Segment Start: Extracted records

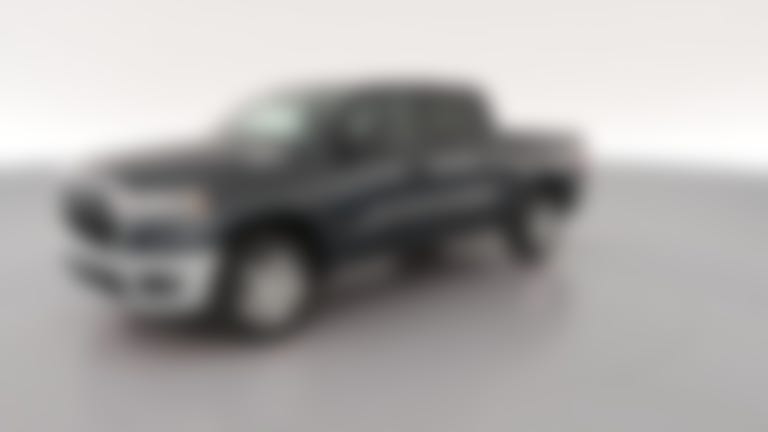2026 Ram 1500 Crew Cab vehicle photo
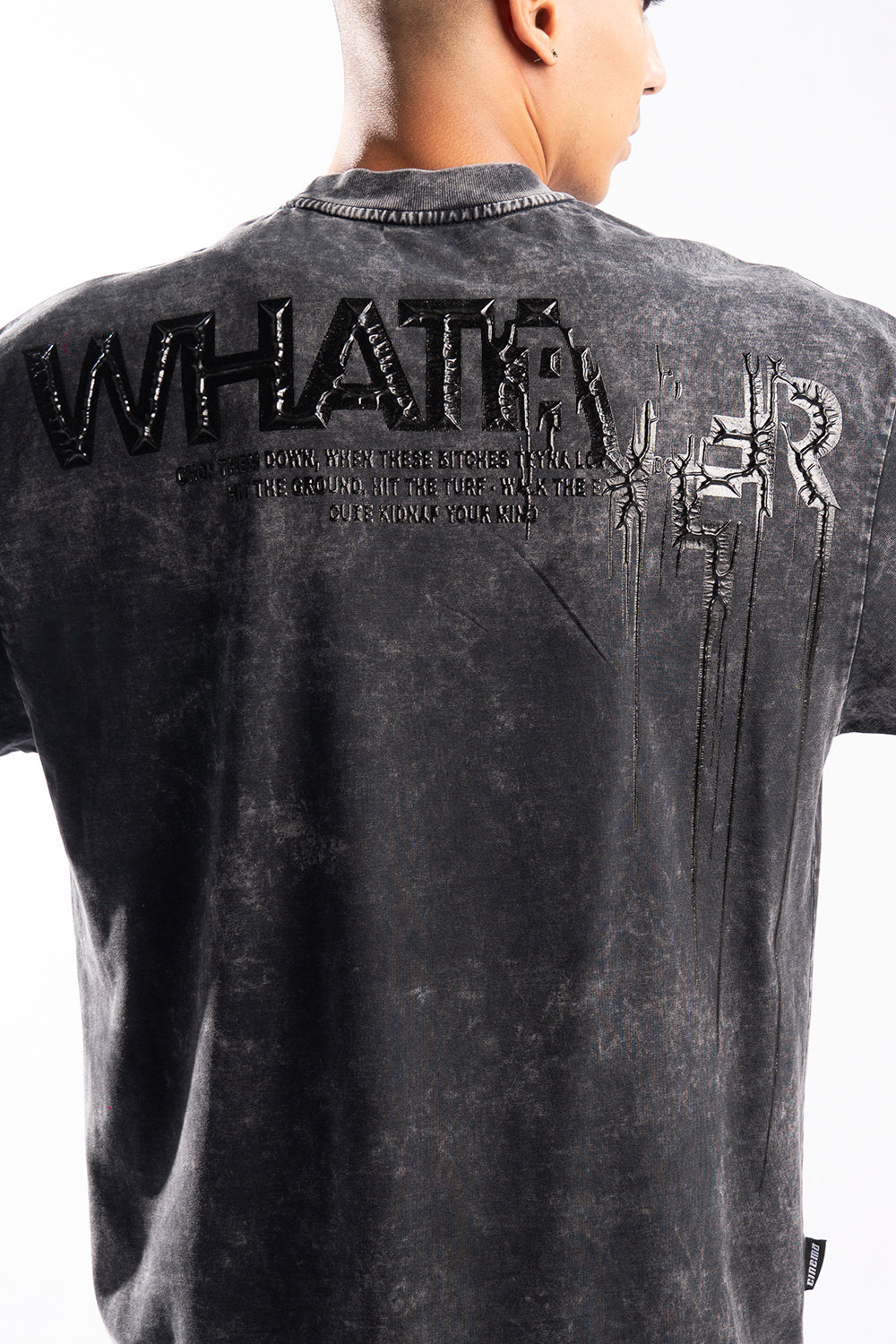 Camiseta WHATEVER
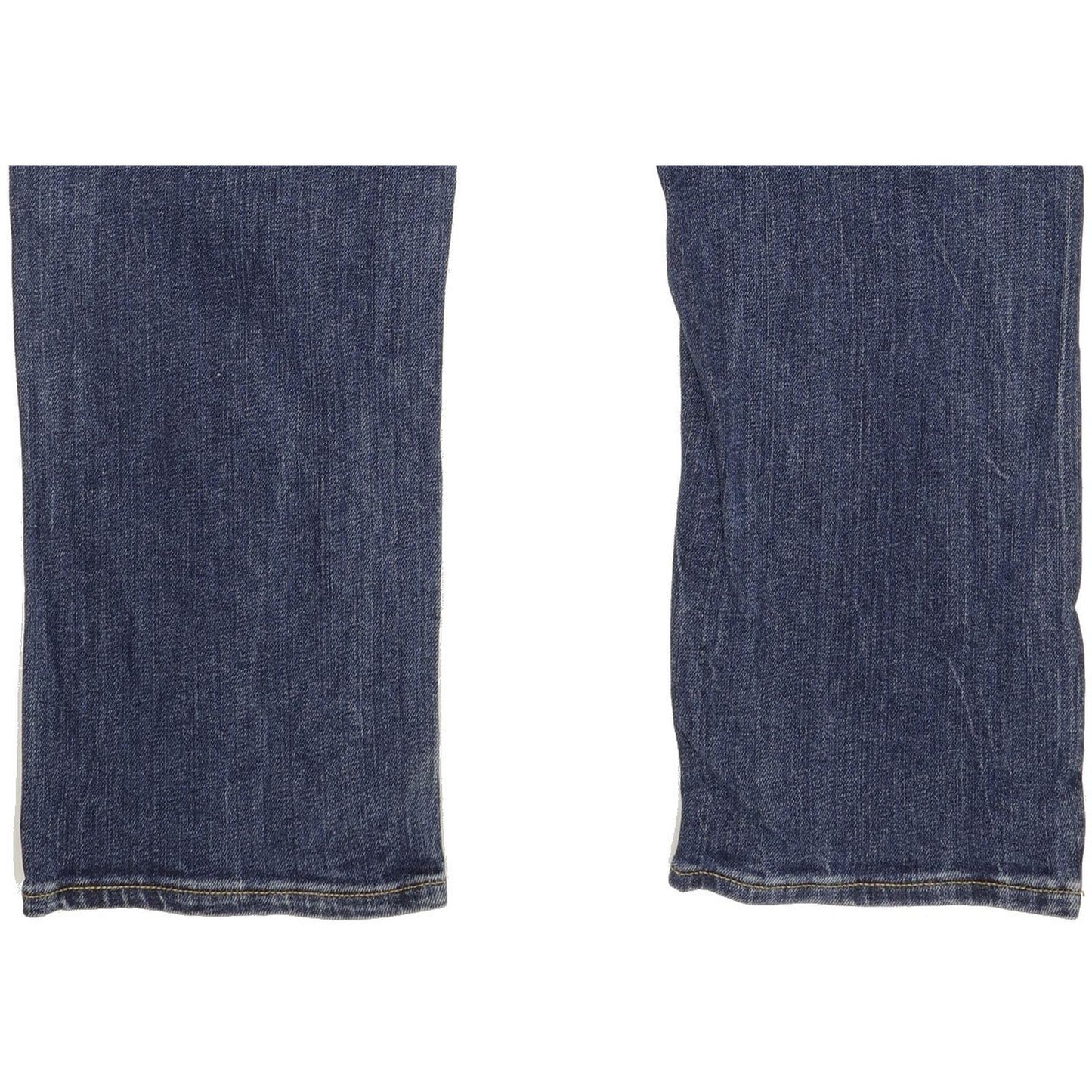 Lee Daren Men Blue Straight Slim Stretch Jeans W34 L34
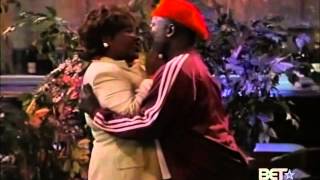 The Jamie Foxx show  Hey lover video [upl. by Luamaj]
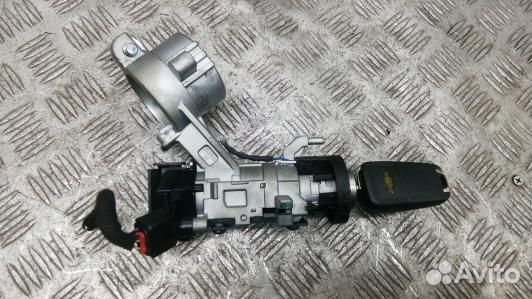 Замок зажигания chevrolet orlando (OEA28J101)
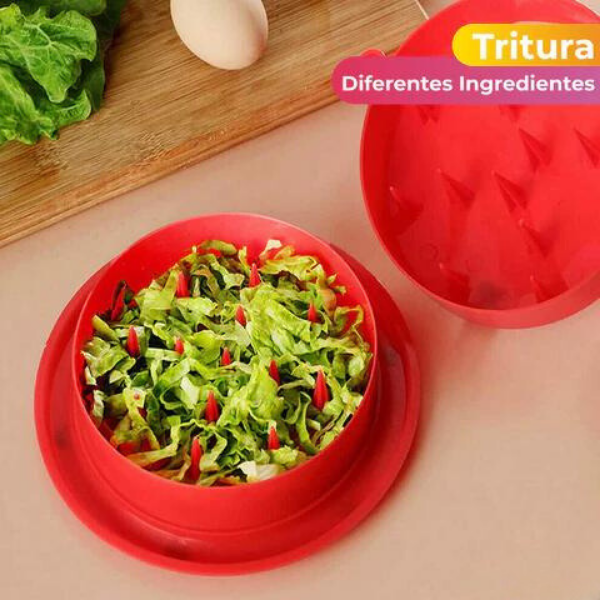 TRITURADORA DE CARNE Y POLLO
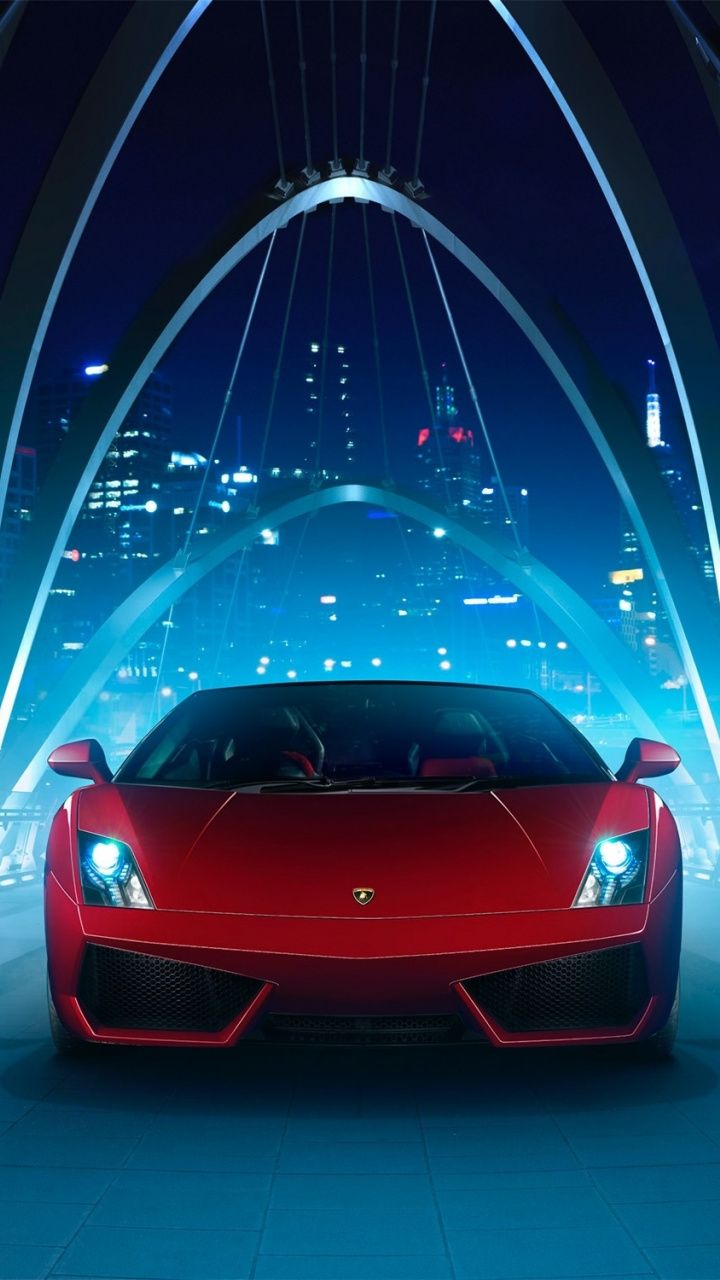 Lamborghini Galardo Wallpapers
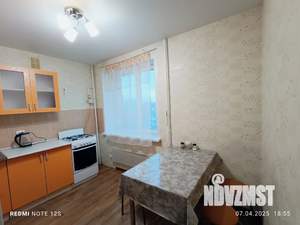 1-к квартира, посуточно, 40м2, 2/10 этаж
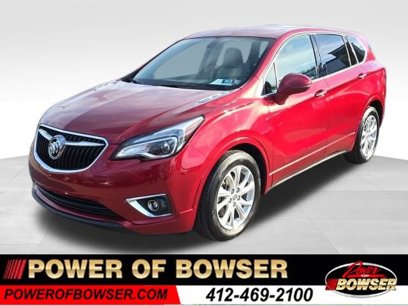 Used 2019 Buick Envision Preferred w/ LPO, Cargo Package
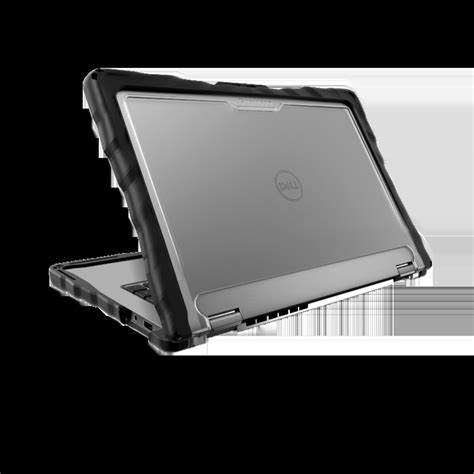 DropTech For Dell Latitude 3340 2 In 1 Gumdrop Cases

Segment End: Extracted records

**What to work on:** Please print out the entries above exactly. The pictures stay out.

**Written answer:**
2026 Ram 1500 Crew Cab vehicle photo
 Camiseta WHATEVER
 Lee Daren Men Blue Straight Slim Stretch Jeans W34 L34
 The Jamie Foxx show  Hey lover video [upl. by Luamaj]
 Замок зажигания chevrolet orlando (OEA28J101)
 TRITURADORA DE CARNE Y POLLO
 Lamborghini Galardo Wallpapers
 1-к квартира, посуточно, 40м2, 2/10 этаж
 Used 2019 Buick Envision Preferred w/ LPO, Cargo Package
 DropTech For Dell Latitude 3340 2 In 1 Gumdrop Cases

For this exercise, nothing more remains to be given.